Allen: What if the Dallas Mavericks threw out the 5th pick with maybe Harrison Barnes and another pick? A combination of Dennis Smith Jr. and Leonard is something worth considering. The thing is San Antonio doesn’t have much leverage so it’s either they take what they can get now or he walks after next season. I believe Dallas could put together a package that would make the Spurs give it serious consideration.
True or false: We have seen Kawhi Leonard play his last game in a Spurs uniform (poll)
— Basketball Society (@BBallSociety_) March 22, 2018
Anderson: Not the yellow and gold Los Angeles team, but the Los Angeles Clippers. The Clippers have two first round picks back to back. With high picks and some talented assets like Patrick Beverly and Tobias Harris, I see San Antonio potentially taking a deal with them. Leonard is an L.A. native, so I see no reason why playing for the other Los Angeles team wouldn’t make him happy. The twelve and thirteenth picks can help the Clippers slip with a valuable superstar, but only if Pop creates or may already have an idea for where this organization will go from here.
John-Baptiste: Hmmm. How about the Pelicans do a sign and trade swap, DeMarcus Cousins for Kawhi Leonard? Think about the defense of Kawhi, Jrue Holiday, and Anthony Davis. YIKES! Give those guys some shooters and you got a contender in the West.
Kirkland: There are a few teams that are “good” but the writing is on the wall and I want to know what they want to do. The Wizards, Raptors, and Blazers are all kind of in a dead period and should look to make moves. Someone get on the phone!
5. Are you sold on the idea of Leonard potentially pairing with LeBron James and/or Paul George for some superteam firepower to counter the Warriors?
Soaries: Three of the premier and versatile forwards in the NBA now find themselves in situations where they could each make a new move. It’s a scary potential for any combination of those guys to try and team up somewhere. It’s not clear yet if that’s any of their mentalities, but after Golden State just swept through the Finals and repeated, the prospect of something like this has to have possibilities.
Allen: It sounds great on paper but I’m not sure how well it would play out. For one, those three guys would take up a lot of the salary cap so that would mean giving up a lot of talent. Two, they all play the same position. That’s not such a huge problem in today’s game but I just don’t seem them gelling that great on the court. Last but not least, that’s not enough shooting in my opinion. They’re all decent shooters but you need some powerful outside shooting to combine with playmaking to take down the Warriors. They have the playmaking and defense but I just believe that would be a stale offense.
John-Baptiste: Absolutely. The Warriors have a myriad of versatile wings and you have to try to counter that with versatile wings of your own. Not only would any duo of that nature be able to create their own shot, they’d all be able to switch defensively without giving up much. You definitely need more than one player that can attack and create off the dribble, and those duos give you that and much more.

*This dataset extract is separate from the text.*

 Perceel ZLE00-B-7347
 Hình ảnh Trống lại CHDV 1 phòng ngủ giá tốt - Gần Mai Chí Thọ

Anderson: Yes, I’m sold. Teaming up to take down the Golden State Warriors would be a war. The Warriors have won the last 3 out of 4 championships with the addition of their third “splash brother” Kevin Durant in 2016. LeBron and the Cavs proved that it takes more than one superstar to defeat four. I feel as though this summer can be an even bigger takeoff of superteams with Leonard, James, and PG joining forces. They have to choose wisely and have the deepest role players to help them as well.
Kirkland: It’s certainly a possibility. Any team in the league that’s not the Rockets, Warriors, Celtics, or Philly would gladly gut their roster to bring these guys in. These three at the minimum should meet up to discuss the possibility of teaming up in some way. That’s the way the league is now. If they can go somewhere and surround themselves with knockdown shooters, they will be good to compete with anybody.